───── Provided entries ─────
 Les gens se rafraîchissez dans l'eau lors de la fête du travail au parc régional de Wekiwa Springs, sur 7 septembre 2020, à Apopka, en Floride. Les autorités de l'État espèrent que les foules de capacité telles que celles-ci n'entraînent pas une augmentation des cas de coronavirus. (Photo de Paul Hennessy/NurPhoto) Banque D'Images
─────
───── Provided entries ─────
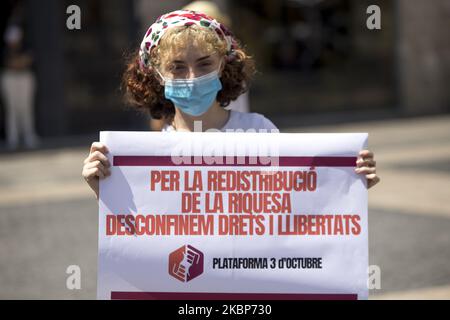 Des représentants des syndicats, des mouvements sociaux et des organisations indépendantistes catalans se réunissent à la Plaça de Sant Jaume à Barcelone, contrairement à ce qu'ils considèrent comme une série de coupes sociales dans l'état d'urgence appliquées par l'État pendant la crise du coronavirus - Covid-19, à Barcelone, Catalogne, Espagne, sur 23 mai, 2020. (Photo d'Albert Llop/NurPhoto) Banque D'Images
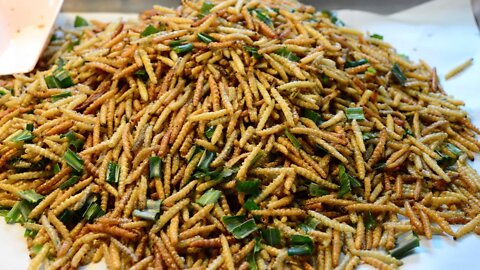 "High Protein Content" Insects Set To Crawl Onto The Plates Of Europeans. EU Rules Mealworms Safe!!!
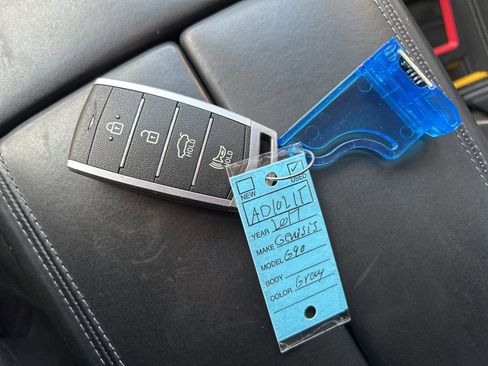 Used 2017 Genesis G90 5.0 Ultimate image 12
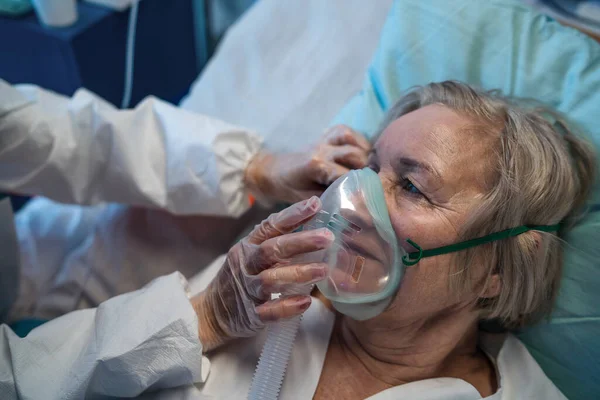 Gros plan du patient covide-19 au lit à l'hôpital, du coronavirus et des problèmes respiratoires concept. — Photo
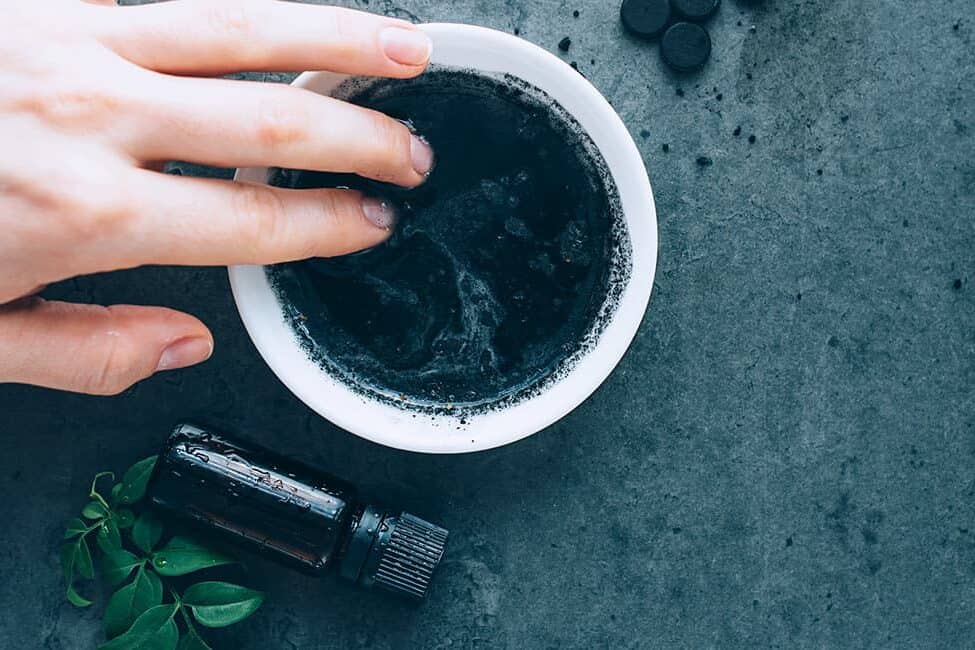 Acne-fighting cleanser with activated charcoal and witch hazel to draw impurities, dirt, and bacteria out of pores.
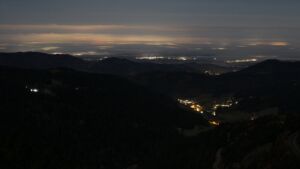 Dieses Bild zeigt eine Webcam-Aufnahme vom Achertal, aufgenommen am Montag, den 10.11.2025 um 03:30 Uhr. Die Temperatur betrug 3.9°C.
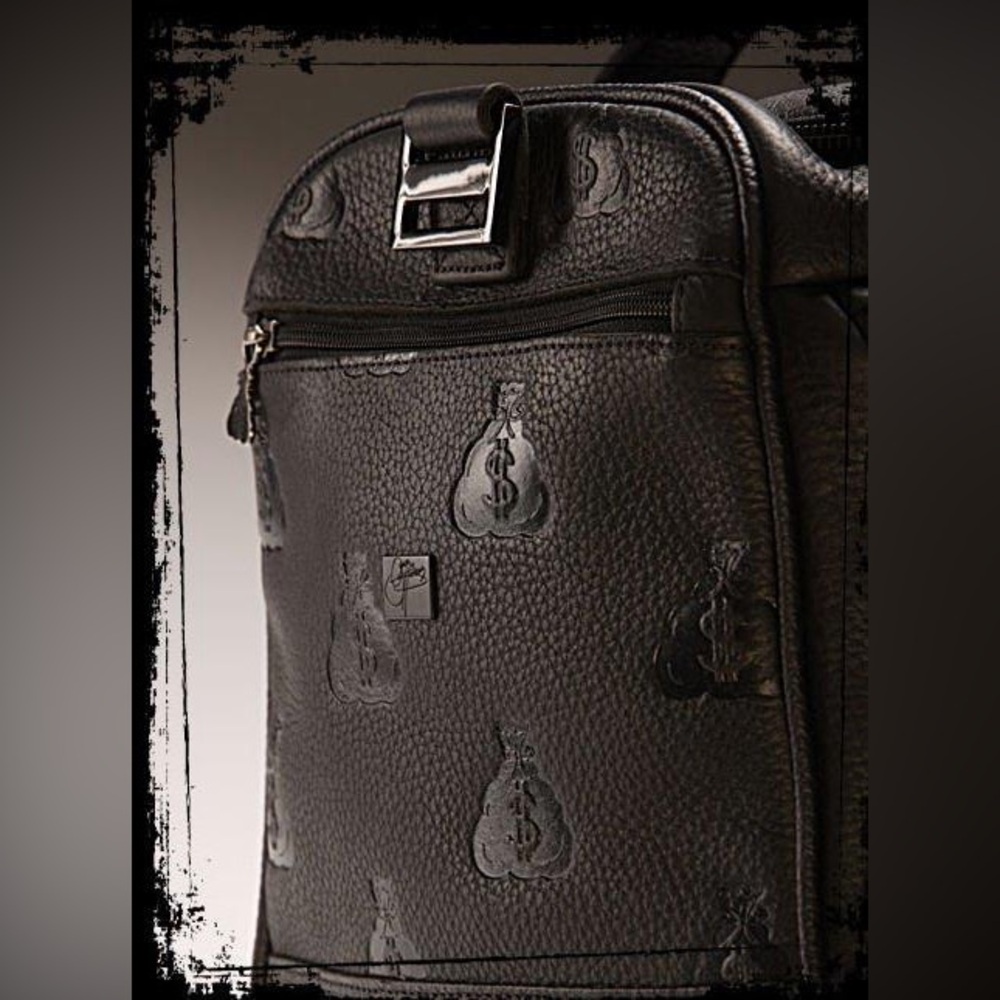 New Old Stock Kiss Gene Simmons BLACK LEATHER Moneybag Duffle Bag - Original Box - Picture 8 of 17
─────
Task item
Above are some entries. Restate word for word the lines from the one holding "Rules Mealworms Safe!!!" through the one holding "New Old Stock", but not the pictures.

Response area
 "High Protein Content" Insects Set To Crawl Onto The Plates Of Europeans. EU Rules Mealworms Safe!!!
 Used 2017 Genesis G90 5.0 Ultimate image 12
 Gros plan du patient covide-19 au lit à l'hôpital, du coronavirus et des problèmes respiratoires concept. — Photo
 Acne-fighting cleanser with activated charcoal and witch hazel to draw impurities, dirt, and bacteria out of pores.
 Dieses Bild zeigt eine Webcam-Aufnahme vom Achertal, aufgenommen am Montag, den 10.11.2025 um 03:30 Uhr. Die Temperatur betrug 3.9°C.
 New Old Stock Kiss Gene Simmons BLACK LEATHER Moneybag Duffle Bag - Original Box - Picture 8 of 17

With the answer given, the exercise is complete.